◆ Required work ◆
Copy only those lines which run from the line containing "Szpiczaste palce Męskie" to the end of the entries below, both inclusive, exactly as written and with no pictures.
#### Records for the exercise ####
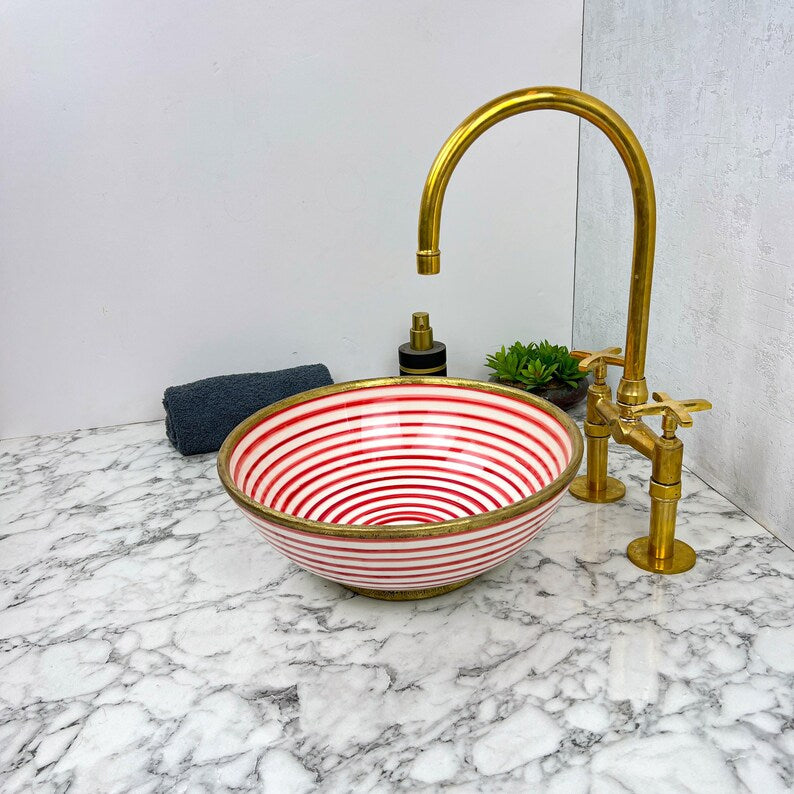 Moroccan Sink with brass rim #149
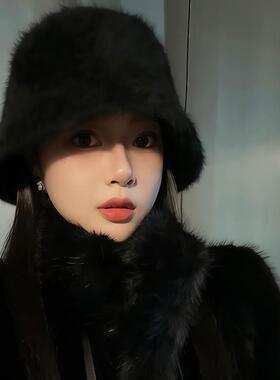 秋冬兔毛渔夫帽子防寒保暖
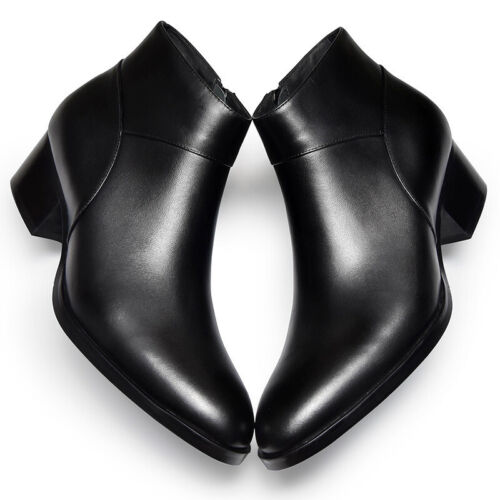 Szpiczaste palce Męskie buty za kostkę z zamkiem błyskawicznym Obcas blokowy Prawdziwa skóra Biznes Styl westernowy - Zdjęcie 1 z 12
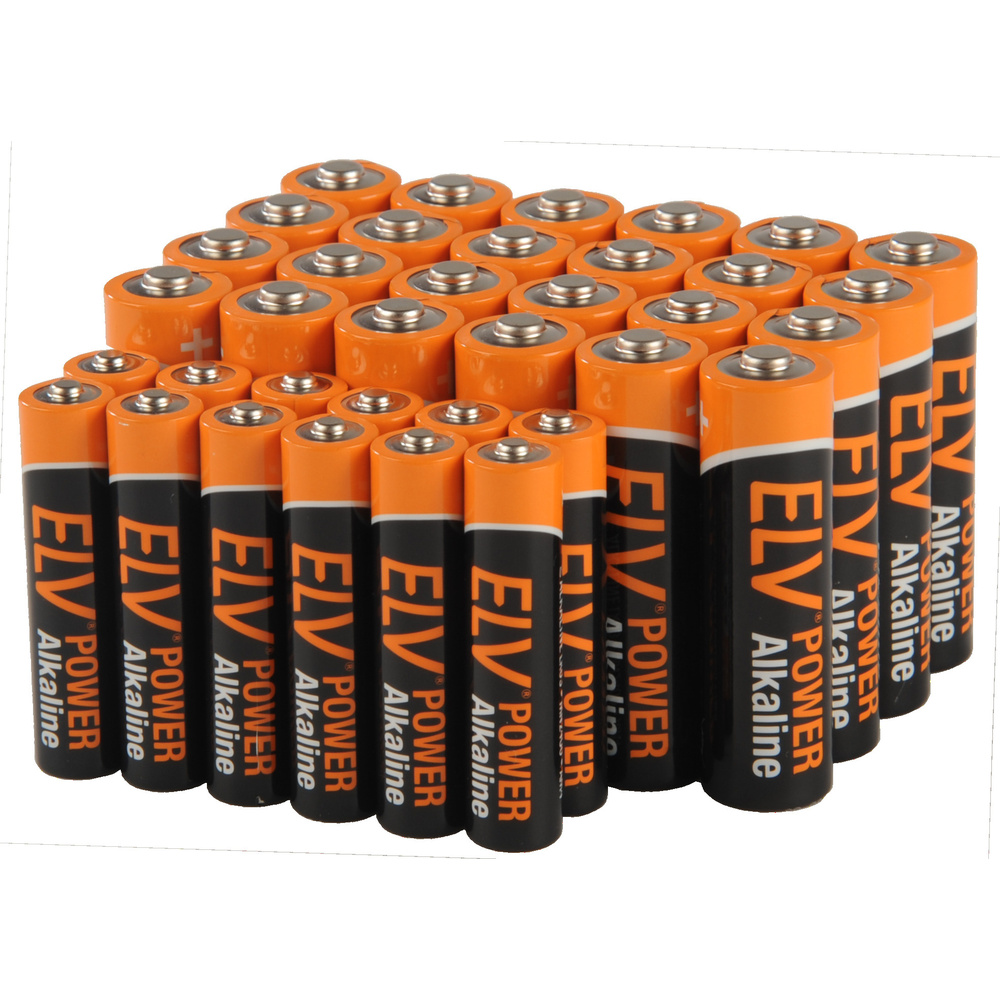 ELV POWER Alkaline Vorratspack,  12x Micro AAA und 24x Mignon AA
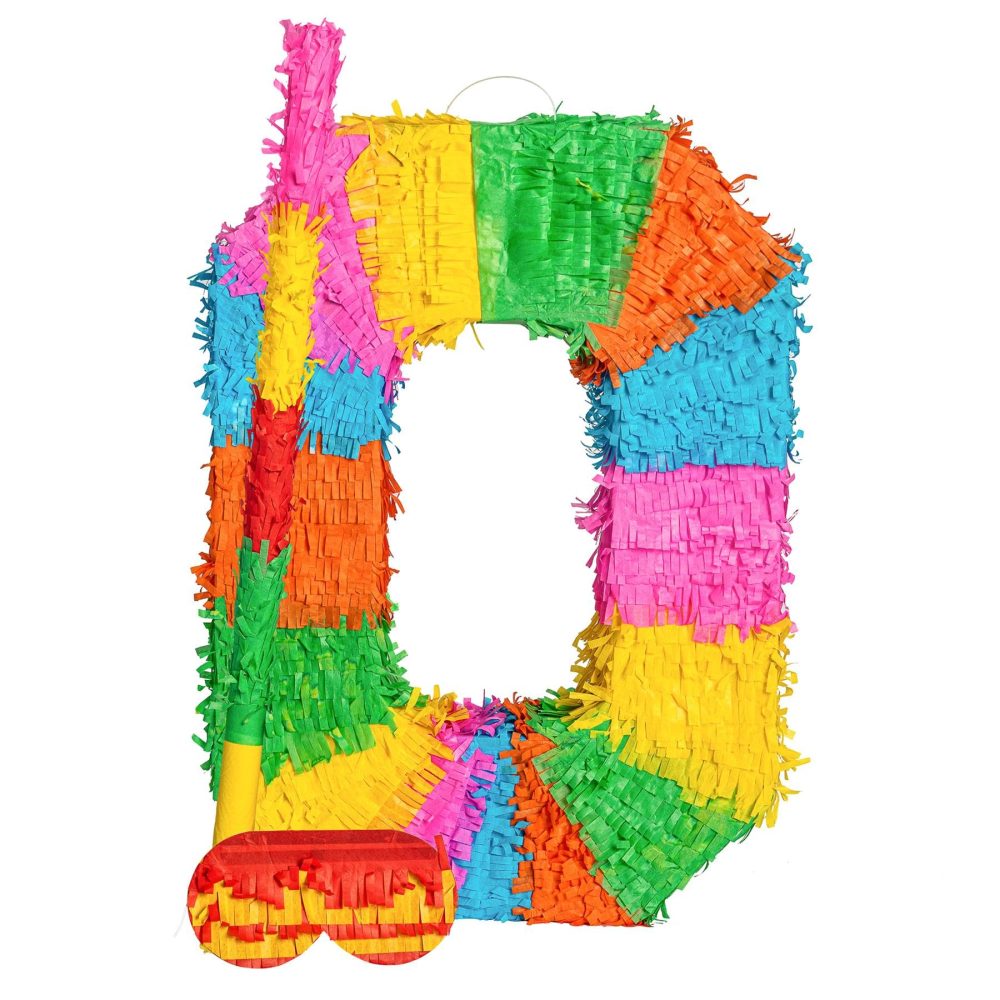 Fax Potato Number 0 Pinata Set with Stick & Blindfold - 50 x 7.5 x 35cm - Rainbow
####
◆ Written answer ◆
 Szpiczaste palce Męskie buty za kostkę z zamkiem błyskawicznym Obcas blokowy Prawdziwa skóra Biznes Styl westernowy - Zdjęcie 1 z 12
 ELV POWER Alkaline Vorratspack,  12x Micro AAA und 24x Mignon AA
 Fax Potato Number 0 Pinata Set with Stick & Blindfold - 50 x 7.5 x 35cm - Rainbow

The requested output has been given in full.